Limiting the number of parameterized indexpaths created
I looked into the complaint of unreasonable planner runtime in bug #7626,
http://archives.postgresql.org/pgsql-bugs/2012-10/msg00232.php
In the given example, the indexed relation "foo" has join clauses with
30 other relations. The code that I added in commit
3b8968f25232ad09001bf35ab4cc59f5a501193e will try all 2^30 combinations
of those rels as possible outer relations for a parameterized indexscan
:-(. So clearly, the idea that we can just try everything and not have
some kind of heuristic restriction isn't going to work.
This particular example, and probably a lot of similar examples, does
have a principled non-heuristic fix, which comes from the fact that we
recognize all the join clauses as belonging to the same equivalence
class. Therefore, using more than one of them in an indexscan is
useless. (The code already does know that and discards the extra
clauses, but that happens too far downstream to prevent the exponential
search time here.) The extra function eclass_already_used() added in
the attached patch attacks the problem this way, and is sufficient to
resolve the bug for the case presented.
However, we still have an issue for cases where the join clauses aren't
equivalence clauses. (For instance, if you just change all the "="
signs to "<" in Brian's example, it still takes forever.) So we also
need some heuristic rule to limit the number of cases considered.
I spent a good deal of time thinking about how the indexscan code might
make use of the joinlist data structure (which prevents exponential
planning time growth overall by limiting which joins we'll consider)
to fix this; the idea being to not consider outer-relation sets that
couldn't actually be presented for use because of joinlist restrictions.

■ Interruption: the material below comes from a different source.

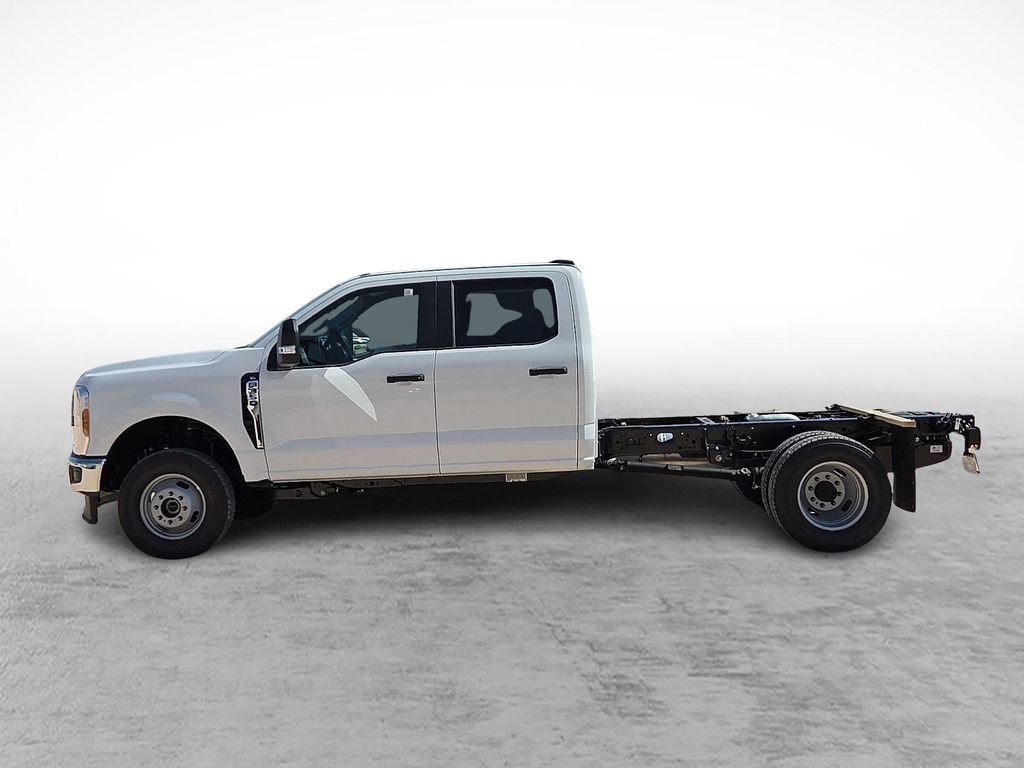 New 2026 Ford F350 XL w/ XL Chrome Package AWD/4WD image 6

But this looked messy, and probably expensive in itself. Moreover it
seemed like practical implementations of the idea would carry the
restriction that we could never generate parameterized paths for
joinlist subproblems, which would be a real shame. And we'd be doing a
lot of work for what is probably a very unusual corner case, given that
I think eclass_already_used() will fix the problem in most real cases.
So what I'm proposing instead, which is implemented in the other half of
the attached patch, is that we simply put an arbitrary limit on how many
outer-relation sets we'll consider while generating parameterized
indexscans. As written, the patch limits the number of relid sets to 10
times the number of join clauses it's working with, which is small
enough to keep the runtime of this test case to something reasonable.
I think that in practice this will still allow useful
combination-outer-rel cases to be found. I wonder though if anyone has
a better idea?
regards, tom lane
On 30 October 2012 21:57, Tom Lane <tgl@sss.pgh.pa.us> wrote:
So what I'm proposing instead, which is implemented in the other half of
the attached patch, is that we simply put an arbitrary limit on how many
outer-relation sets we'll consider while generating parameterized
indexscans. As written, the patch limits the number of relid sets to 10
times the number of join clauses it's working with, which is small
enough to keep the runtime of this test case to something reasonable.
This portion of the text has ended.